DIRECTIONS FOR THIS TASK. An exact, complete copy of the entries below is required, minus any pictures.

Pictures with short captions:
..........

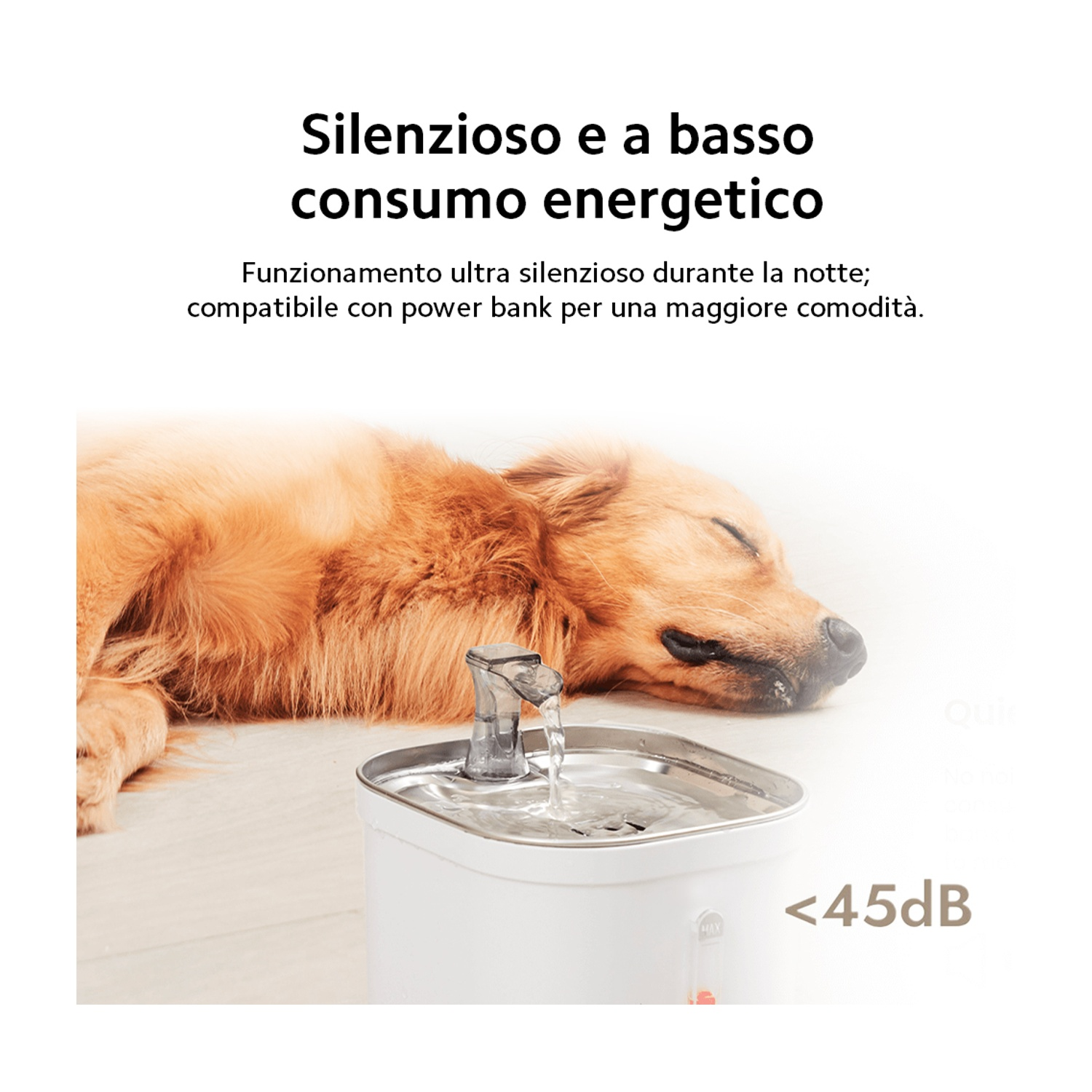 Un cane dorme accanto a una fontanella silenziosa. La fontanella è <lt/>45dB.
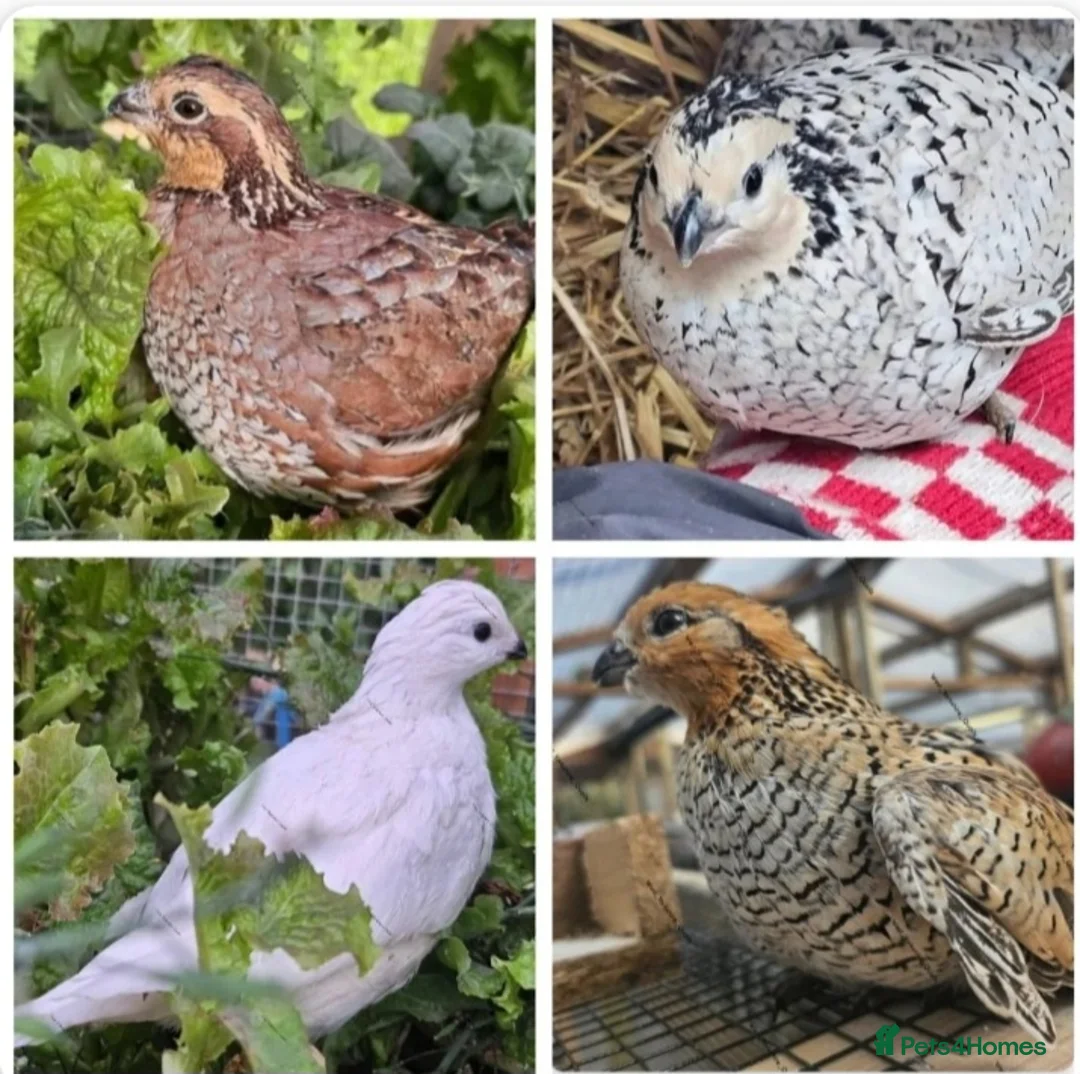 Quail poultry for sale: 12 Bobwhite quail hatching eggs mixed colours  - Advert 1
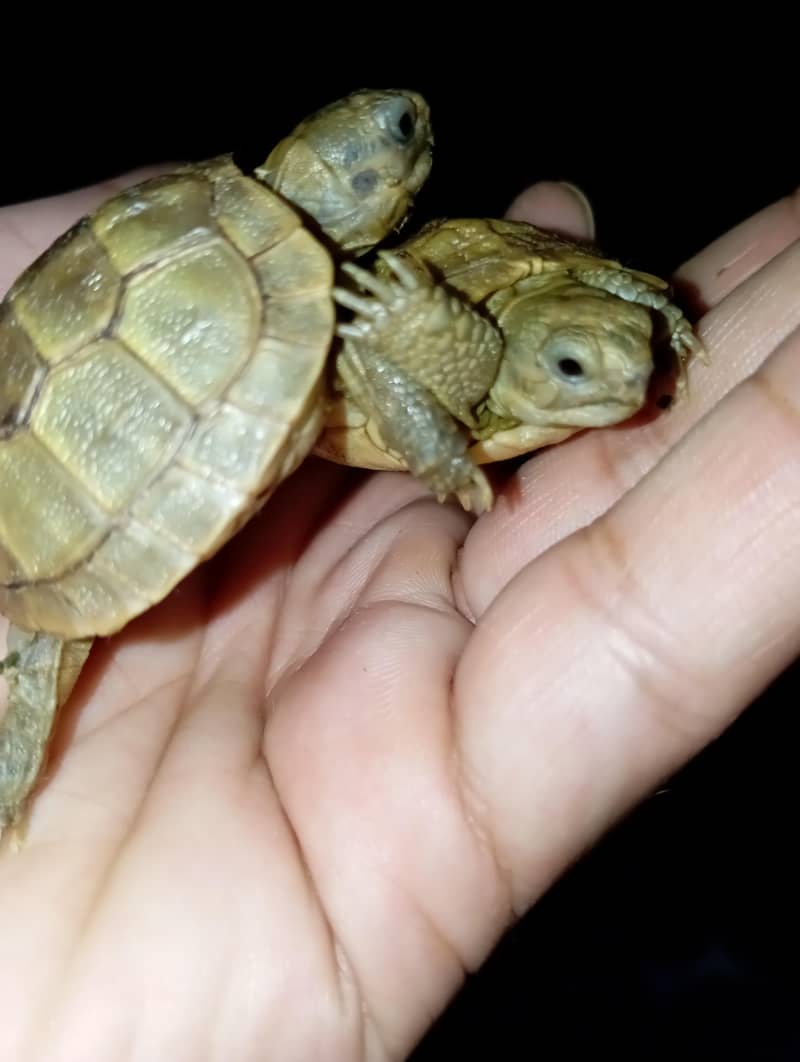 tortoise 0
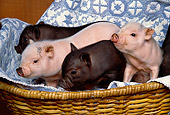PIG 02 RK0107 01
A Group Of Vietnamese Pot Belly Baby Pigs In A Basket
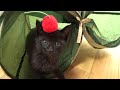 子猫がトンネルで大はしゃぎ！【保護猫ロコ】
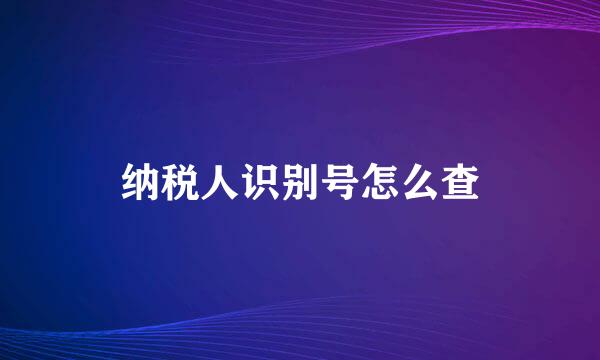 纳税人识别号怎么查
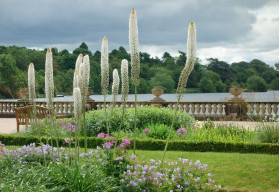 Na zahradě ho nepřehlédnete, liliochvostec bude dominantou záhonu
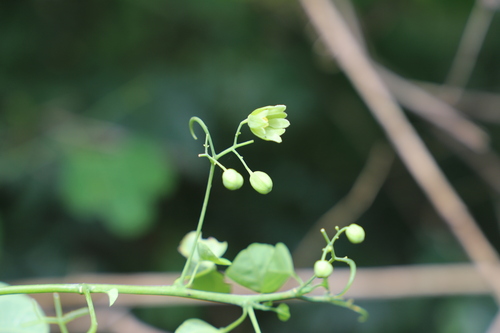 Image of Adenia gummifera by (c) Suvarna Parbhoo Mohan, some rights reserved (CC BY-SA)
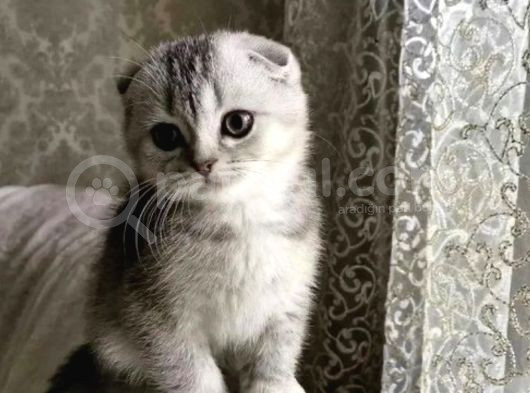Ben Miyav Dedim Sen Evet Diyeceksin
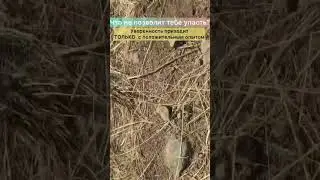 КОГДА ЕСТЬ ЧЕТКАЯ СИСТЕМА ОБУЧЕНИЯ➡️ БУДЕТ РЕЗУЛЬТАТ ➡️БУДЕТ МОТИВАЦИЯ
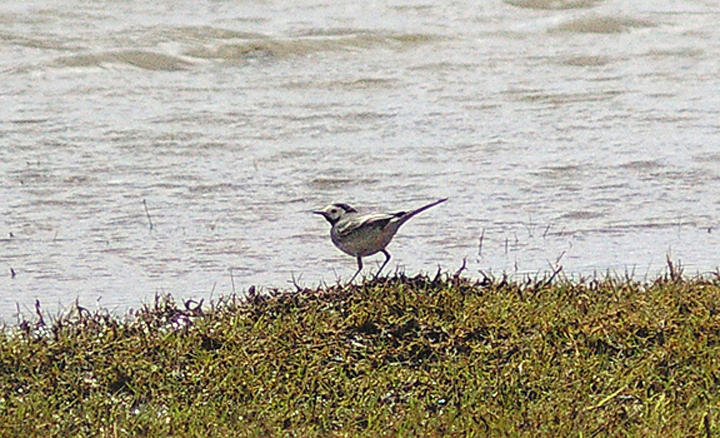 WHITE WAGTAIL . EXMINSTER MARSH . DEVON . 11 . 4 . 2013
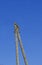 Domestic Cat, Adult perched on Electric Post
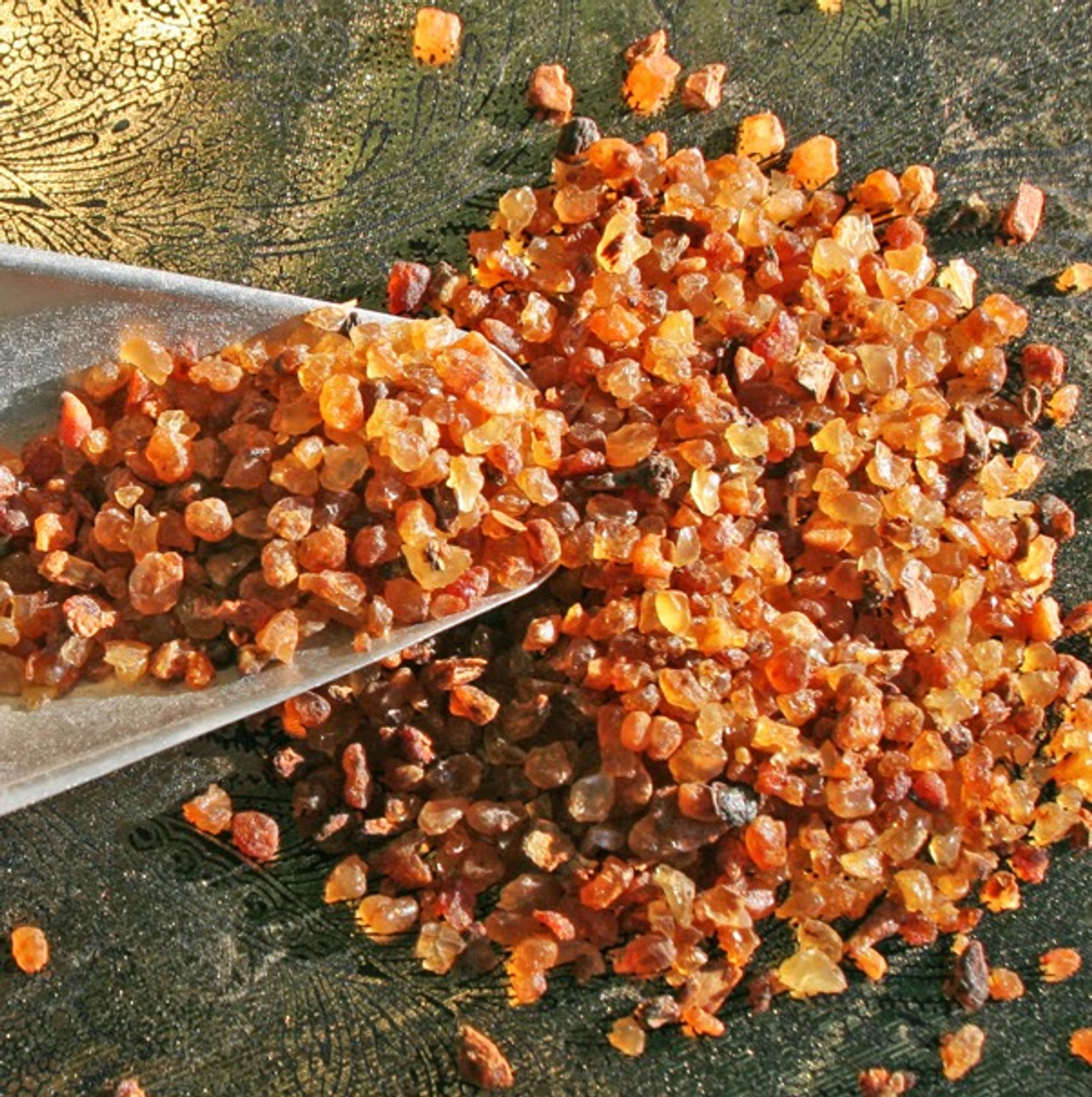 Frankincense Boswellia carterii Grampa's Garden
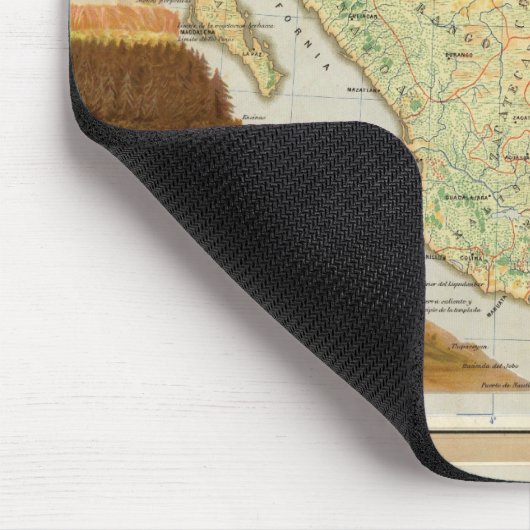 Landbouw van Mexico Muismat (Hoek)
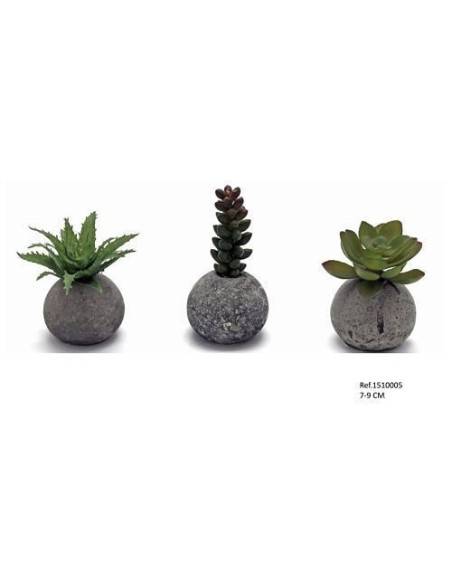 SUCULENTA EN BOLA DE CEMENTO 7-9CM
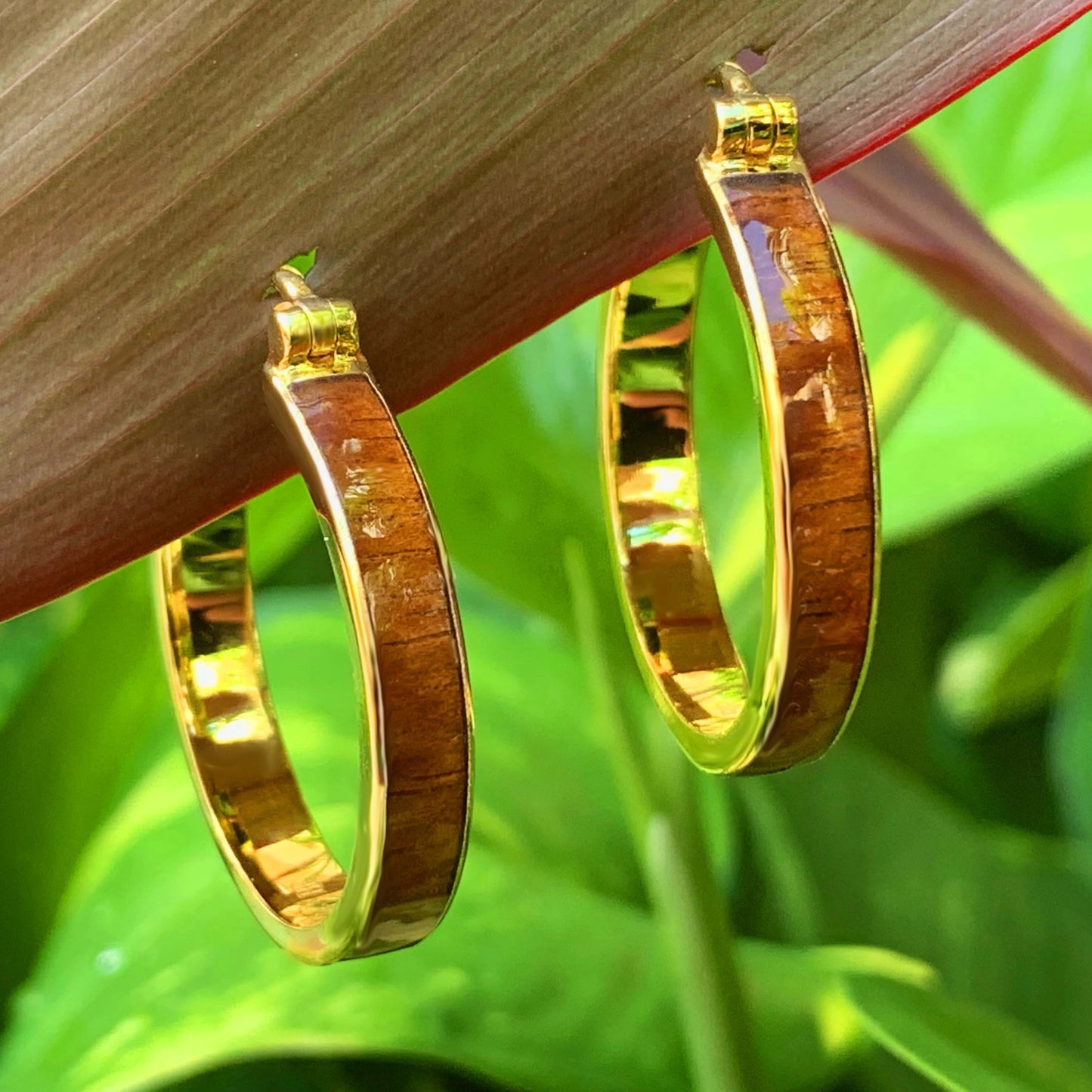 Koa Wood Hoop Earrings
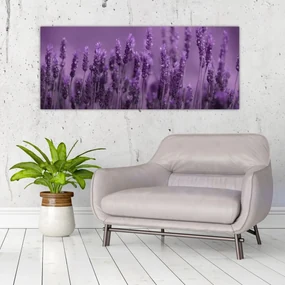 Obraz - Levanduľa (120x50 cm)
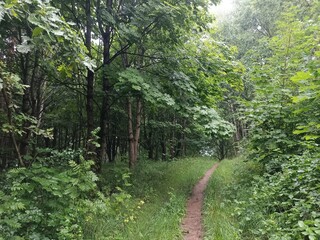 Talsa park during cloudy summer day. Oak and birch tree woodland. Cloudy day with white clouds in sky. Bushes and small are growing in woods. Nature. Talsos parkas.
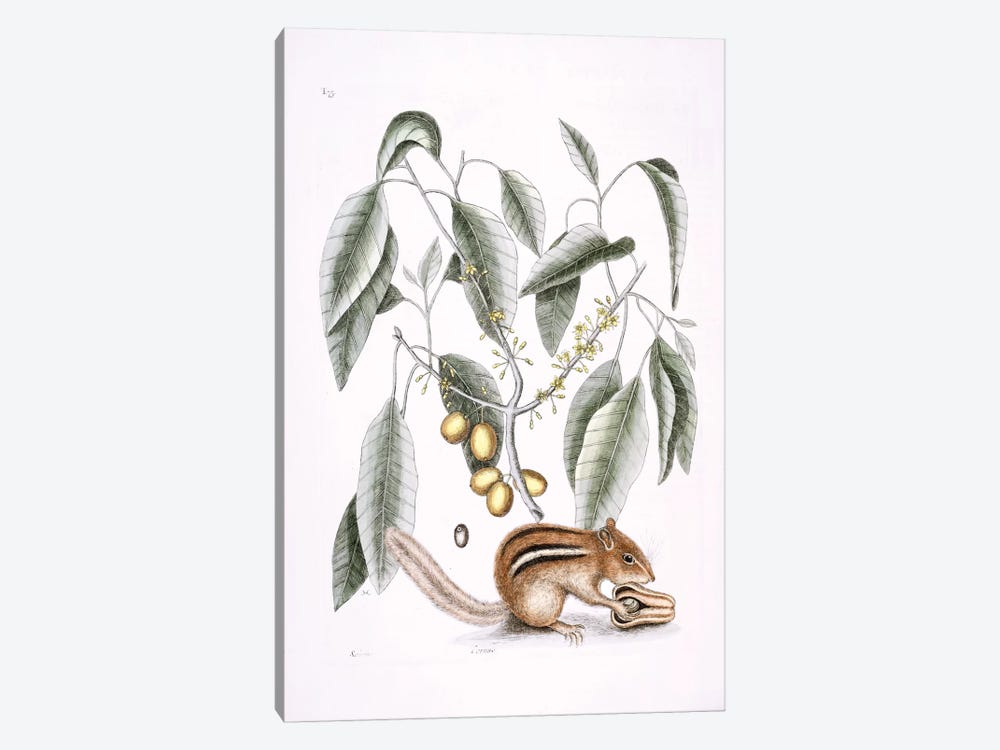 Ground Squirrel & Mastic Tree by Mark Catesby 1-piece Canvas Art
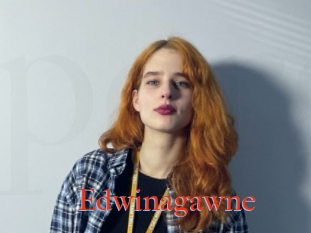 Edwinagawne
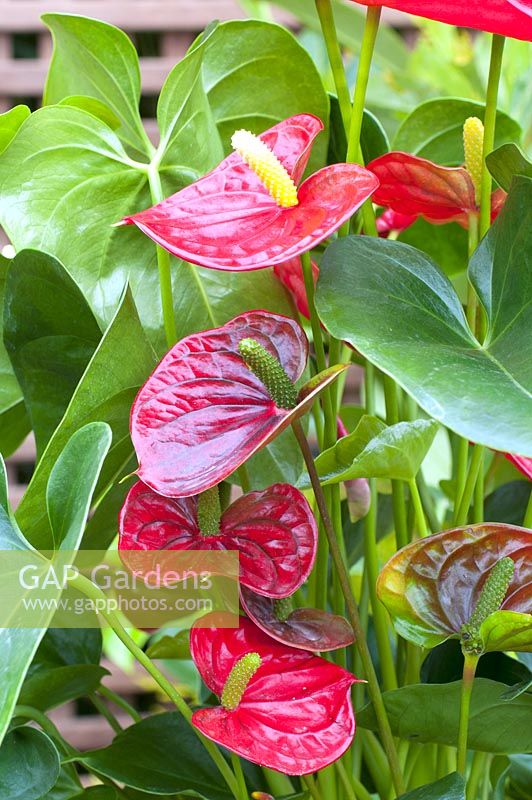 Anthurium 'Alabama' in container on a terrace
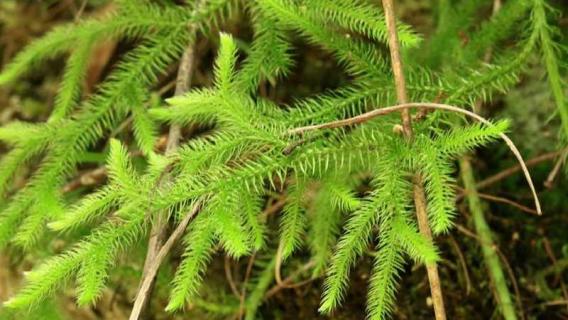 石松是什么植物 石松是什么植物或中药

..........

YOUR SOLUTION.
 Un cane dorme accanto a una fontanella silenziosa. La fontanella è <lt/>45dB.
 Quail poultry for sale: 12 Bobwhite quail hatching eggs mixed colours  - Advert 1
 tortoise 0
PIG 02 RK0107 01
A Group Of Vietnamese Pot Belly Baby Pigs In A Basket
 子猫がトンネルで大はしゃぎ！【保護猫ロコ】
 纳税人识别号怎么查
 Na zahradě ho nepřehlédnete, liliochvostec bude dominantou záhonu
 Image of Adenia gummifera by (c) Suvarna Parbhoo Mohan, some rights reserved (CC BY-SA)
Ben Miyav Dedim Sen Evet Diyeceksin
 КОГДА ЕСТЬ ЧЕТКАЯ СИСТЕМА ОБУЧЕНИЯ➡️ БУДЕТ РЕЗУЛЬТАТ ➡️БУДЕТ МОТИВАЦИЯ
 WHITE WAGTAIL . EXMINSTER MARSH . DEVON . 11 . 4 . 2013
 Domestic Cat, Adult perched on Electric Post
 Frankincense Boswellia carterii Grampa's Garden
 Landbouw van Mexico Muismat (Hoek)
 SUCULENTA EN BOLA DE CEMENTO 7-9CM
 Koa Wood Hoop Earrings
 Obraz - Levanduľa (120x50 cm)
 Talsa park during cloudy summer day. Oak and birch tree woodland. Cloudy day with white clouds in sky. Bushes and small are growing in woods. Nature. Talsos parkas.
 Ground Squirrel & Mastic Tree by Mark Catesby 1-piece Canvas Art
 Edwinagawne
 Anthurium 'Alabama' in container on a terrace
 石松是什么植物 石松是什么植物或中药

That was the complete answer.